Я хотя и была "книжной" девушкой, но понимала, что по большой любви под венец идут только в книжках, а в жизни совсем все не так. Конечно, хотелось влюбиться, хотелось, чтобы меня любили. Но кого могла увидеть воспитанница вдовы? И где? На бал мне вход был закрыт, молодые люди в наш дом с визитами не ходили, а мы с маменькой не бывали в домах, где имелись юноши. Если только парни деревенские, но тут уж, простите-извините! Не та я девица, чтобы на крестьянина глаз положить. Мужа надо искать надежного, не гулящего, не картежника и не пьяницу. Такого, чтобы детей вместе с ним растить и вместе состариваться. Маменька была мудрой женщиной. Говорила: "Зачем тебе, Анька, столбовой дворянин? Чтобы в глаза тебя незаконнорожденностью колоть да чваниться? Нет уж. Подберем тебе женишка попроще, но с перспективами!" Вот и подобрала. Не из потомственных дворян, из личных — диаконов сын, в чине губернского секретаря. С соседом — тайным советником из департамента, у маменьки уже все было сговорено, что после свадьбы присвоят ему коллежского секретаря. С маменькиной протекцией да с моим приданным, получит он "титулярного" не через три года, а через год, а еще через три и до коллежского асессора дослужится. А асессор — это уже потомственное дворянство с гербом. Получит муж потомственное дворянство, никого волновать не будет, какого роду-племени его жена.

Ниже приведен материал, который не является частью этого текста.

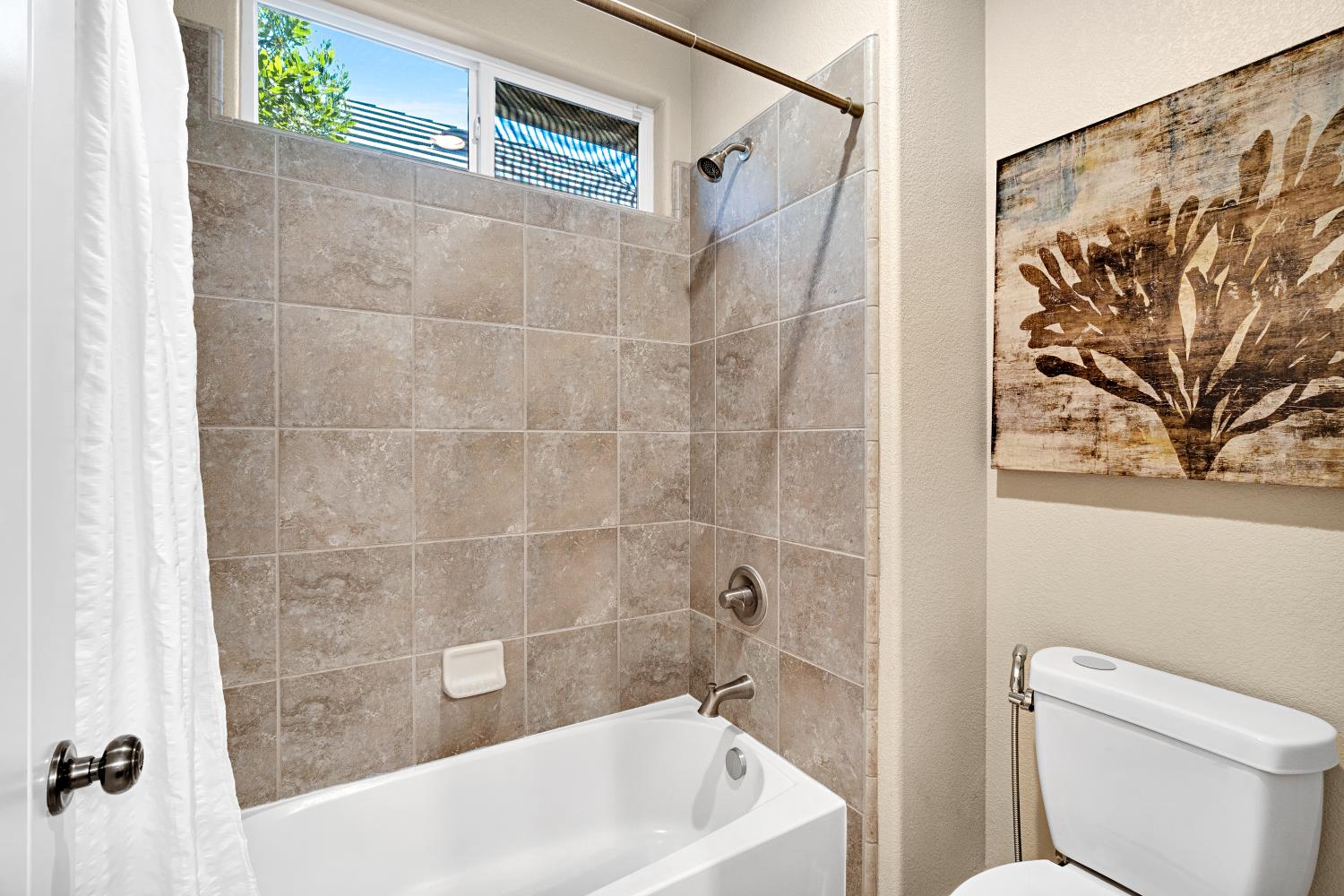 3245 Lexington Ave, Clovis, CA 93619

Хоть незаконнорожденная, хоть цыганка, хоть еврейка крещенная. А жених вроде бы и ничего. Ростом чуть повыше меня, волосы темные. Усов нет, так не положены усы гражданским чиновникам. Ну а что глаз слегка косит, так это не беда.
Я уже мечтала, как мы станем проводить наш медовый месяц. Просила у маменьки нас за границу отправить, во Францию или в Италию, но та рассмеялась, сказав, что по заграницам жену положено мужу возить, а деньги, что на Италию мы потратим, куда полезнее при себе оставить. К тому ж не такого будущий супруг звания, чтобы его в за границу отпустили. Личному дворянину паспорта не дадут, придется потомственного дворянства ждать. Ну, это не за горами. Получит коллежского асессора муженек, вот тогда она деньжат и подкинет. Если, еще пуще рассмеялась маменька, до заграниц тебе будет. Верно, дитятки к тому времени пойдут.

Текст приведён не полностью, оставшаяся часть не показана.